Christiane zu Salm - Dieser Mensch war ich

  • Über den Autor
    Christiane zu Salm, 1966 in Mainz geboren, arbeitete viele Jahre erfolgreich als Medienmanagerin. Sie war Geschäftsführerin des Musiksenders MTV, baute den Privatsender 9Live auf und arbeitete bei der UFA-Fernsehproduktion. Seit 2005 konzentriert sie sich stärker auf soziale Projekte, engagiert sich für die Bertelsmann Stiftung und hat mit ihrer unternehmerischen Kompetenz NFTE (Network for Teaching Entrepreneurship) in Deutschland mitgegründet.
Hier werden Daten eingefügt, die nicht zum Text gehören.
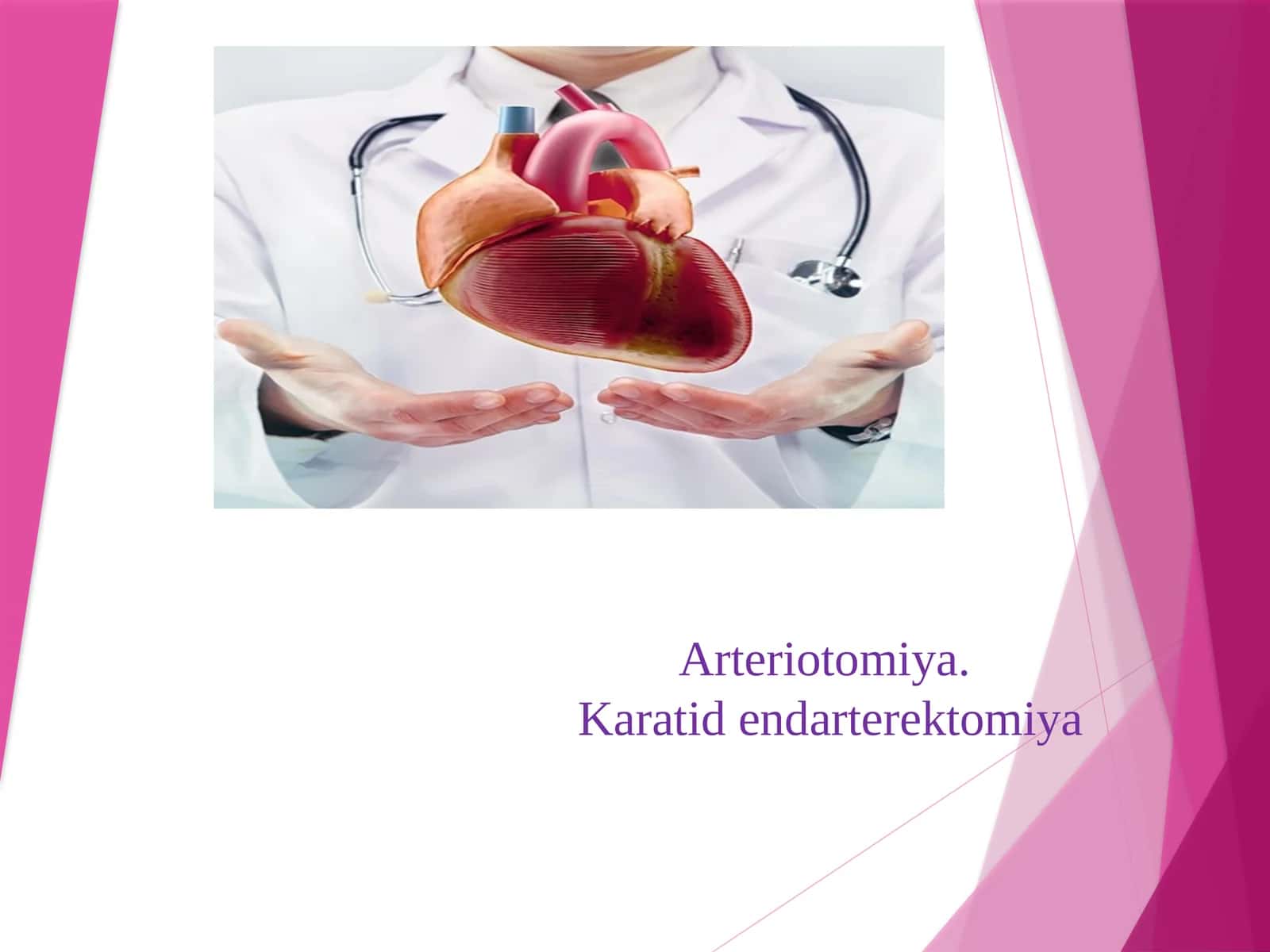 Arteriotomiya.Karatidendarterektomiya 1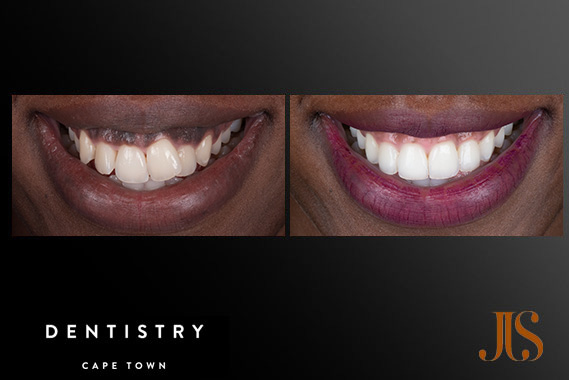Orthodontist in Cape Town | Dr JJ Serfontein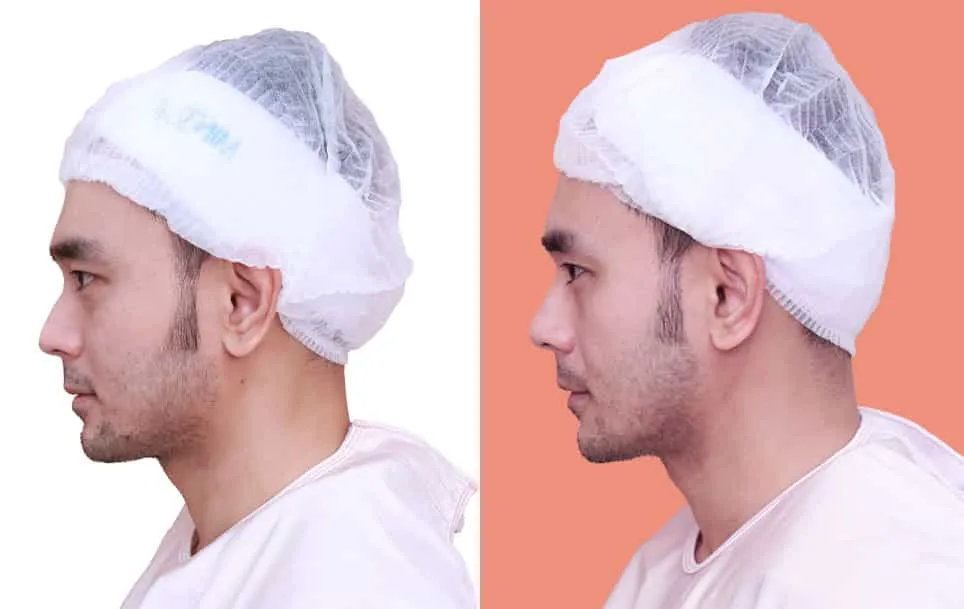 Nose Reshaping before and after — flat bridge & undefined tip — real patient result at Waleerat Clinic Bangkok (Siam & Ekamai)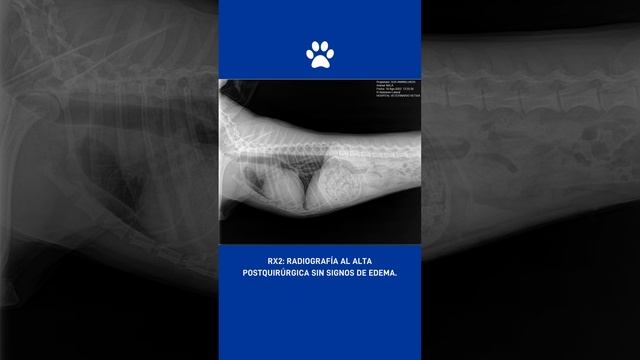 Nala. Soplo cardíaco continuo grado VI/VI смотреть онлайн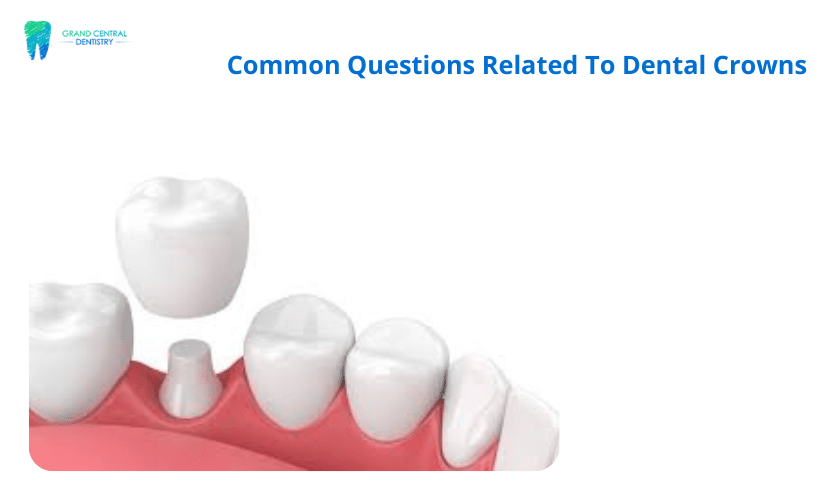 dental crowns in Conroe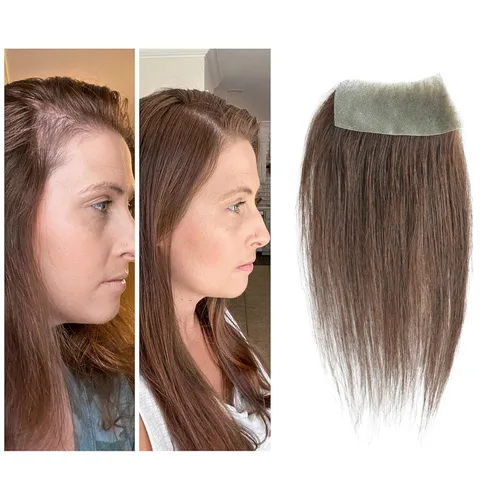 Miniatura 48 de Reemplazo de cabello humano con cicatrices, quemaduras accidentales sin vello para hombres y mujeres, pérdida de línea de cabello, cinta recta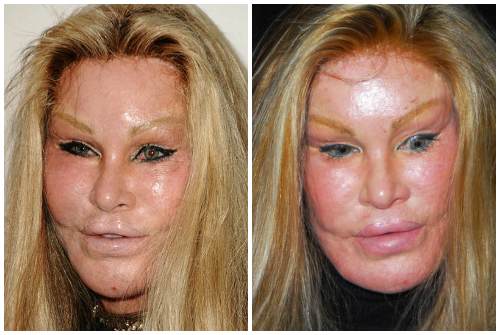 整容富婆“貓女”：離婚獲得25億美元，如今僅靠900美元維持生活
Zudem ist sie begeisterte Sammlerin von Kunst, die jenseits des etablierten Systems entsteht. Ehrenamtlich ist Christiane zu Salm als ambulante Sterbebegleiterin für das Lazarus-Hospiz in Berlin tätig und besucht regelmäßig Sterbende direkt zu Hause.


    Kurzbeschreibung
    Sterbende berichten über das, was in ihrem Leben wirklich wichtig war


    Wir wissen, wie große Philosophen, Dichter und Denker starben. Sie haben der Nachwelt oft detailliert hinterlassen, was sie empfanden, was sie bewegte in ihren letzten Stunden. Aber was denkt die Verkäuferin im Supermarkt, was der Kfz-Mechaniker, was die Gemeinde-Mitarbeiterin von nebenan? Wie betrachten ganz normale Menschen ihr Leben im Rückblick, wenn sie wissen, dass ihnen nicht mehr viel Zeit bleibt? Die ehrenamtliche Sterbebegleiterin Christiane zu Salm hat sie gefragt und die daraus entstandenen persönlichen Nachrufe in diesem Buch gesammelt. Dabei herausgekommen ist ein Zeugnis von ergreifender Echtheit: kein Buch über das Sterben, sondern über das Leben.


    Meine Rezension
    Wie würde wohl der Nachruf auf einen aussehen? Würde er dem Verstorbenen gerecht werden? Er beleuchtet schließlich das Leben des Toten nur aus der Sicht anderer. Andererseits: kann einem nach dem Tode nicht egal sein, was über sein Leben gesprochen wird? Fragen, denen nachzugehen sich unbedingt lohnt. Doch der Tod ist hierzulande eines der großen Tabus im Leben. Kaum einer beschäftigt sich mit ihm, solange es nicht unbedingt nötig ist.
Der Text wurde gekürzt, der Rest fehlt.